沖田 愛有美Okita Ayumi
Profileプロフィール
1994年岡山県生まれ。現在は石川県金沢市を拠点に、漆をメディウムとした絵画制作を行う。人間と非人間の境界を超え、種々が複雑に絡み合う自然界の様子を描く制作は、「植物-技術-文化」の複数の位相を持ち自然と人間をつなぐ“漆”との共同制作に位置付けられる。絵画や工芸の区分などしばしばメディウムに付与される還元主義的な表現の規範化を回避し、その結節点を探るなかで、人間の活動と不可分な自然環境との相関関係にも関心を広げている。
2018年、金沢美術工芸大学油画専攻卒業。2020年、同学工芸専攻修士課程修了。2024年、同学博士後期課程美術研究領域修了。2016年と2024年に清華大学美術学院(中国・北京)へ交換留学生として派遣。絵画と工芸の領域を行き来し国内外で制作を行う。
最近の主な展示には「洞穴の暗がりに息づくもののために」(北千住BUoY、東京、2024)、「結露する森」(galleria PONTE、石川、2022)、「てのひらを掠めるもの」(金沢市安江金箔工芸館、石川、2022)などがある。第38回瀧富士国際美術賞優秀賞(2017)、公益財団法人クマ財団第2期生採択(2018)。
Statementステイトメント
漆は植物の樹液です。
人の手にかかって器物や道具といった別のからだを得ています。
漆の乾燥には高温多湿な環境が適しており、私は植物を世話するように温湿度を管理します。そして指触乾燥後は何十年もかけ硬化しながら透明度を増してゆきます。ここには呼吸する植物であった頃の姿が垣間見えます。
人間は先史時代から漆を利用してきました。人為を加えて様々なかたちや色や光の反射を与える技術や文化を蓄積しました。それは樹液であった頃の荒々しい姿とは異なるものです。自然と人間の関わりの中で、様々に姿を変えて現れてきた漆は、両者を結ぶ媒介者であったことに気が付きます。
そんな漆が、語りかけるのです。
温湿度の調整を試みても季節や天気の影響が強まれば予想通りの色が得られるわけではなく、研ぎや磨きの生み出す図像も完全に制御することはできません。漆は筆を重ねる度に自らを主張し、私はそれを受け止めます。その反応を読み取り、次の一筆を選択することを繰り返します。

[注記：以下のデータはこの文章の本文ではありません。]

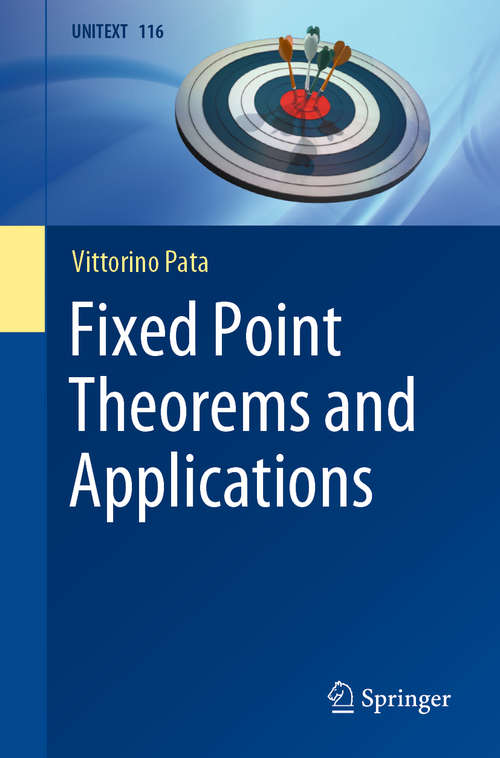 Book cover of Fixed Point Theorems and Applications (1st ed. 2019) (UNITEXT #116)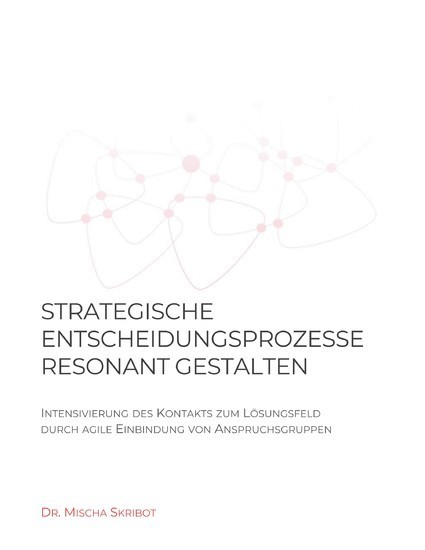Strategische Entscheidungsprozesse resonant gestalten main product photo
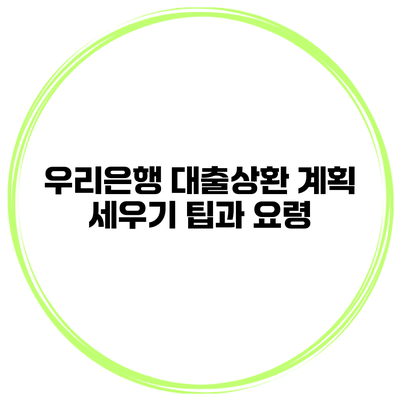 우리은행 대출상환 계획 세우기 팁과 요령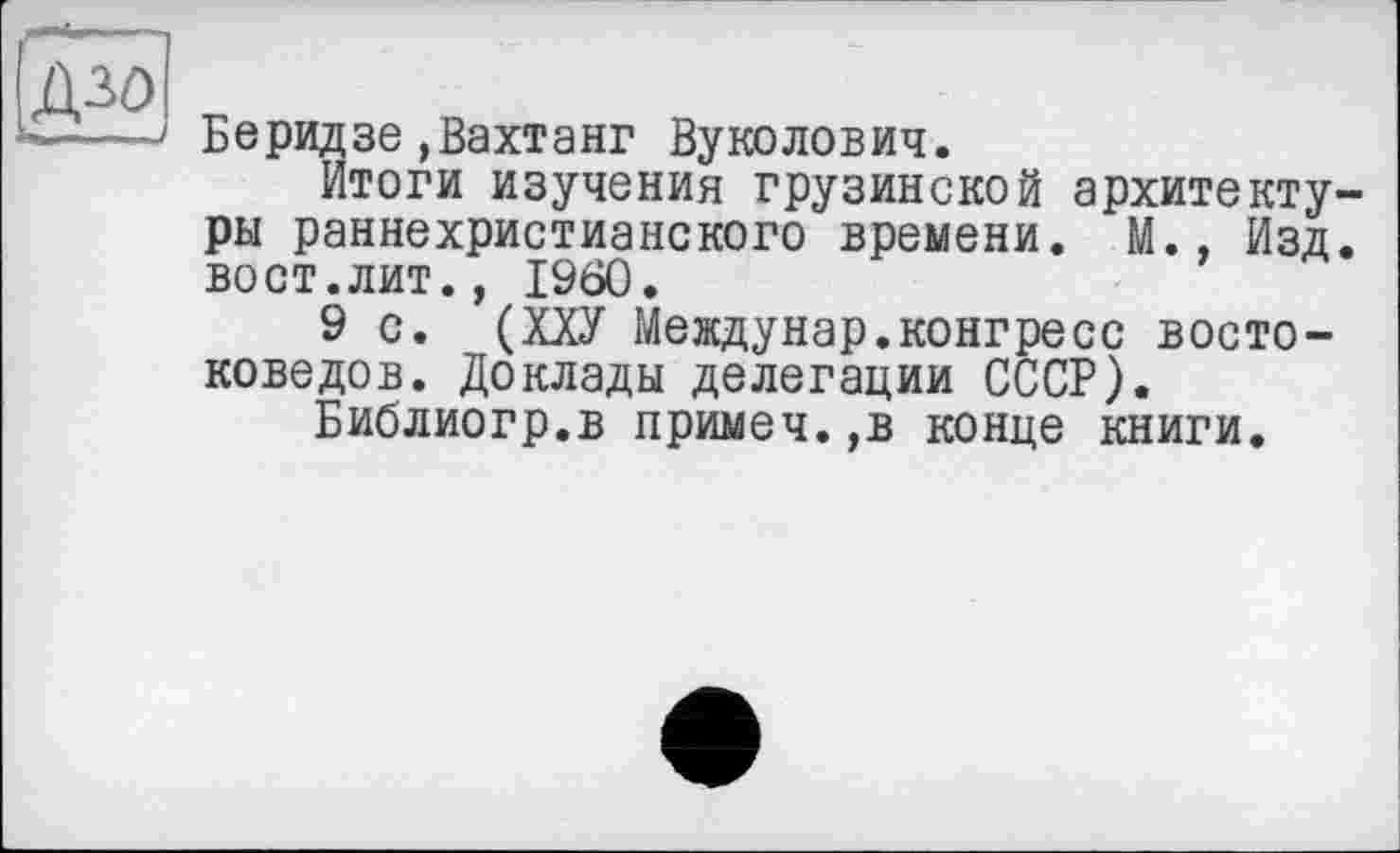 ﻿
Беридзе»Вахтанг Вуколович.
Итоги изучения грузинской архитектуры раннехристианского времени. М., Изд. вост.лит., I960.
9 с. (ХХУ Междунар.конгресс востоковедов. Доклады делегации СССР).
Библиогр.в примеч.,в конце книги.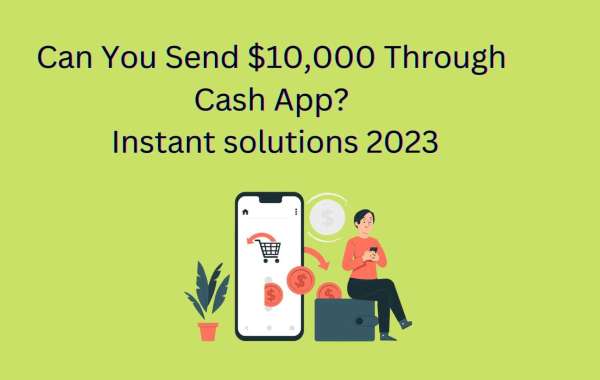 can you send $10000 through cash app ? Quick Guide 2023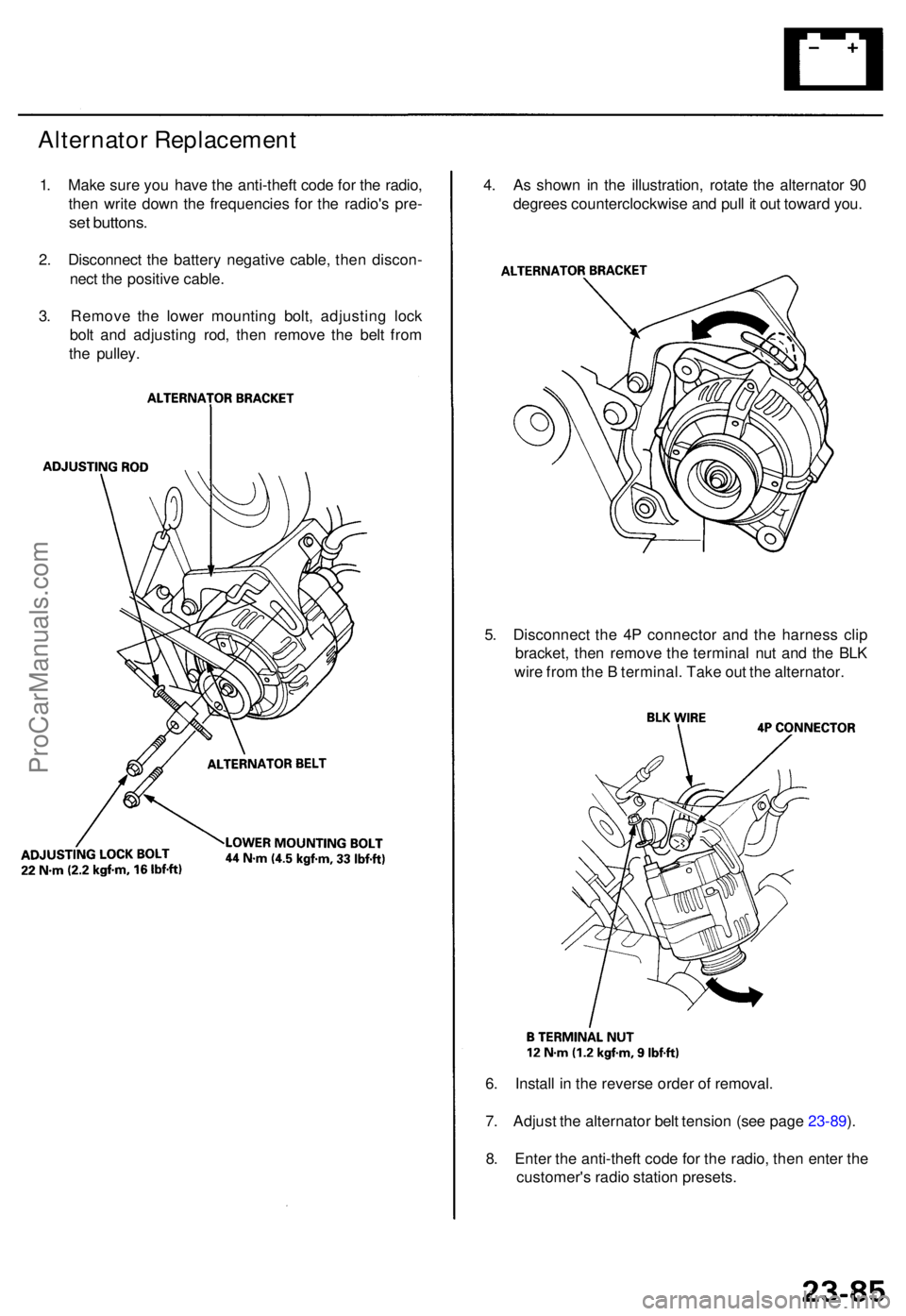 ACURA TL 1995  Service Repair Manual Alternator Replacemen t
1. Mak e sur e yo u hav e th e anti-thef t cod e fo r th e radio ,
the n writ e dow n th e frequencie s fo r th e radio' s pre -
set buttons .
2. Disconnec t th e batter y 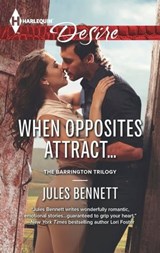 When Opposites Attract . . . - Jules Bennett - 9781460334836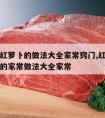 牛肉炖红萝卜的做法大全家常窍门,红烧萝卜炖牛肉的家常做法大全家常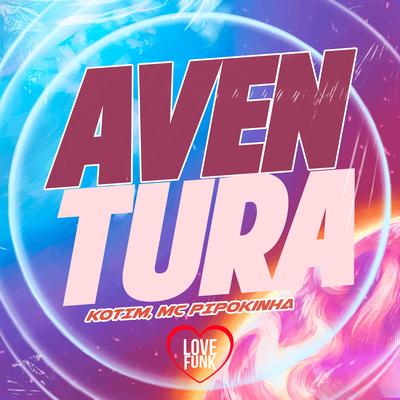 Aventura By Kotim, MC Pipokinha's cover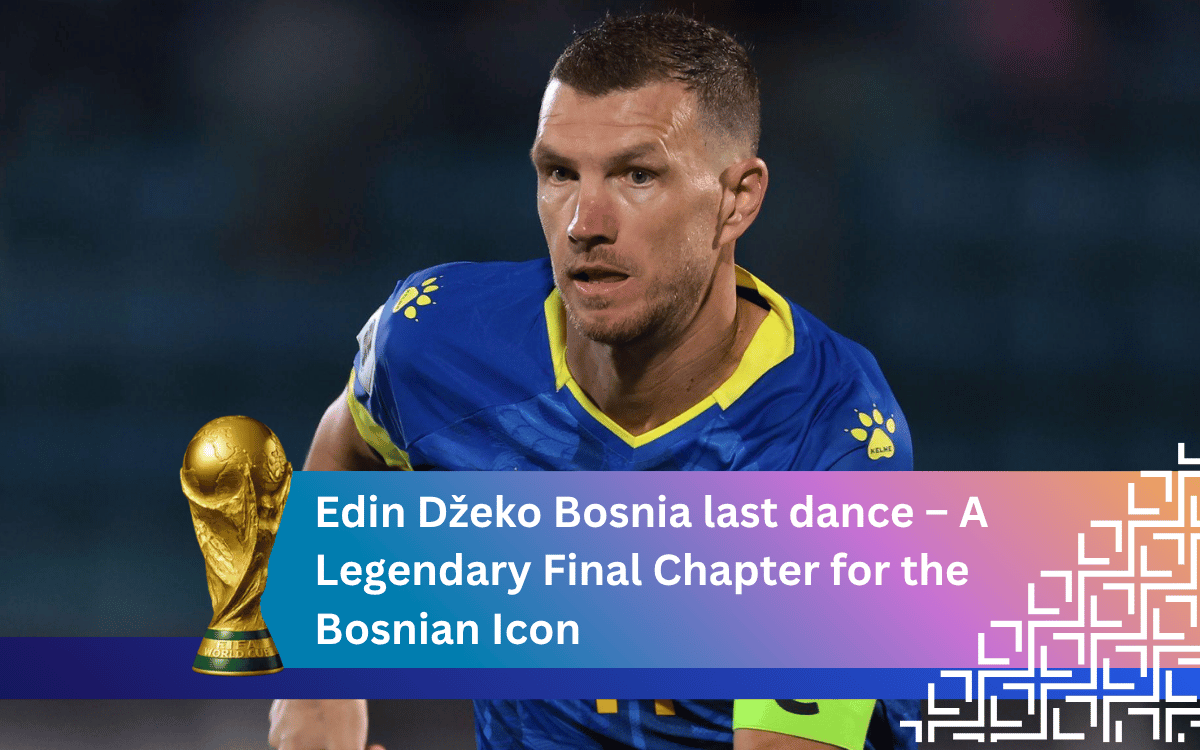 Edin Džeko Bosnia last dance – A Legendary Final Chapter for the Bosnian Icon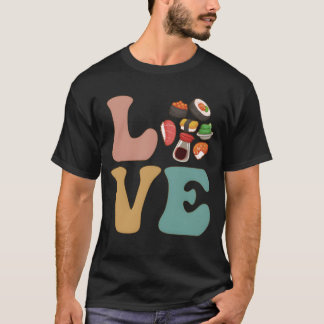 LOVE Sushi Japanese Food girl T-Shirt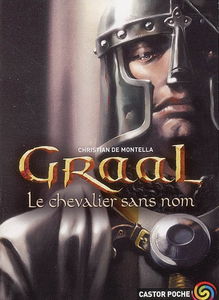 Graal. Vol. 1. Le chevalier sans nom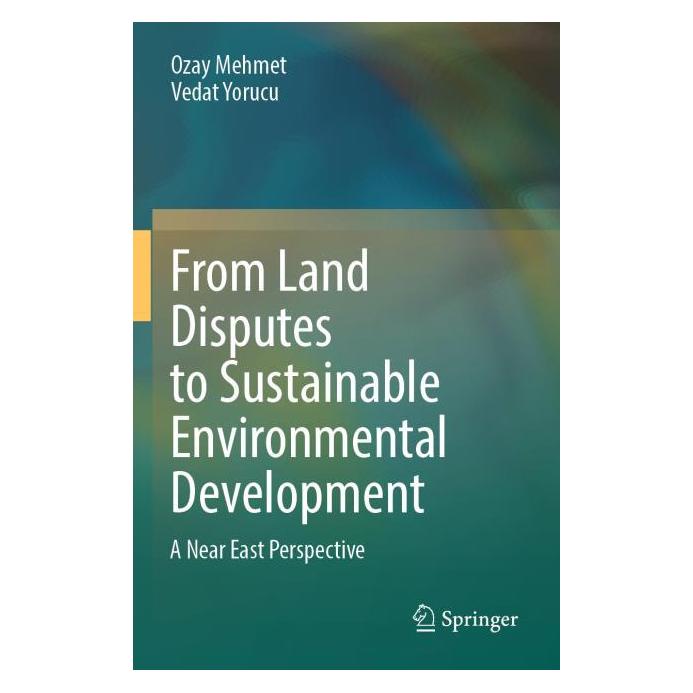 Springer Mehmet:From Land Disputes to Sustainabl (Englisch, Softcover, Ozay Mehmet, Vedat Yorucu) (64891851)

このとき私は自身を取り巻くあらゆる生命や物質の存在を意識せずにはいられません。漆というメディウムを介して、イメージと物質の二重性が強烈に意識に上ります。絵に登場するあらゆるイメージは広がる網のようにどこまでも繋がり、その肉体として世界を構築する“ものそのもの”の感触を手のひらで掴むのです。
制作のなかでは漆を介して自然の息遣いを感じます。
小さな頃に過ごした山野のことを思い出します。岩陰に隠れた動植物や風や水が運ぶ粒子まで、我々と共にある非人間的なものたちを見過ごさないために、その存在に目を向けるために、私は漆との共同制作を続けています。